Items listed in a dataset:
..........
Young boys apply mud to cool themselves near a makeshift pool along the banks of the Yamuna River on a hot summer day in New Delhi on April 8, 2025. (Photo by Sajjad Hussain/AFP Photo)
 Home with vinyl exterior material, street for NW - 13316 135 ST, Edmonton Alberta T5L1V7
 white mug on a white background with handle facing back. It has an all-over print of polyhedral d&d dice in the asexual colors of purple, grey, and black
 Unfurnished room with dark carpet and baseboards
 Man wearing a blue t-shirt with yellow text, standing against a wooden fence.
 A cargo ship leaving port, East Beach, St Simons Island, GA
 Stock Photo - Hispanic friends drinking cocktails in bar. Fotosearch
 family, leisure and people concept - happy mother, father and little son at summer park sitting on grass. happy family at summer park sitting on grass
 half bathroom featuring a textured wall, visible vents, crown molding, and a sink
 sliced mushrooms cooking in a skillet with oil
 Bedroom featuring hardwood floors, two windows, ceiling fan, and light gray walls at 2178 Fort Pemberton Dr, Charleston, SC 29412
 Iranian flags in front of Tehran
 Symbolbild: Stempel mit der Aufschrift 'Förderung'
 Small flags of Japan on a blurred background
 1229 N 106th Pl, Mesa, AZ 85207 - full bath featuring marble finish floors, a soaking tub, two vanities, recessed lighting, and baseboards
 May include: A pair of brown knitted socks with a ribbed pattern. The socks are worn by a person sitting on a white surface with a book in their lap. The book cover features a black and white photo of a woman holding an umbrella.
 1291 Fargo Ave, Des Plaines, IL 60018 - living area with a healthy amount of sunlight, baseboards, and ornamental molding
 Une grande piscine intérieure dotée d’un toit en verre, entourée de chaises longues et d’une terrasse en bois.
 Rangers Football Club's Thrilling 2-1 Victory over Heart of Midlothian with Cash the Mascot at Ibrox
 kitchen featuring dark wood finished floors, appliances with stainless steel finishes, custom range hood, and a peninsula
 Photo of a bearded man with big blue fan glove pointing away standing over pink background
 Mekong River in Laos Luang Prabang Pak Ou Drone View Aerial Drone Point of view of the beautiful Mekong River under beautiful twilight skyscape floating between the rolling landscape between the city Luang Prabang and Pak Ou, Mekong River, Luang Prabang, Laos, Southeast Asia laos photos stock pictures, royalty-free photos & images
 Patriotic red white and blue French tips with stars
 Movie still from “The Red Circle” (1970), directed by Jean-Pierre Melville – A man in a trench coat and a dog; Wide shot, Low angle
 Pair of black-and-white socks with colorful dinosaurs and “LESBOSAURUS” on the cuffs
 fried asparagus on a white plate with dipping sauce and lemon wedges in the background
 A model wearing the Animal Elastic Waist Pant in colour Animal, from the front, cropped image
..........
Goal of the exercise: Wherever the word "baseboards" occurs in the data, copy that whole line.

Answer below:
 Unfurnished room with dark carpet and baseboards
 1229 N 106th Pl, Mesa, AZ 85207 - full bath featuring marble finish floors, a soaking tub, two vanities, recessed lighting, and baseboards
 1291 Fargo Ave, Des Plaines, IL 60018 - living area with a healthy amount of sunlight, baseboards, and ornamental molding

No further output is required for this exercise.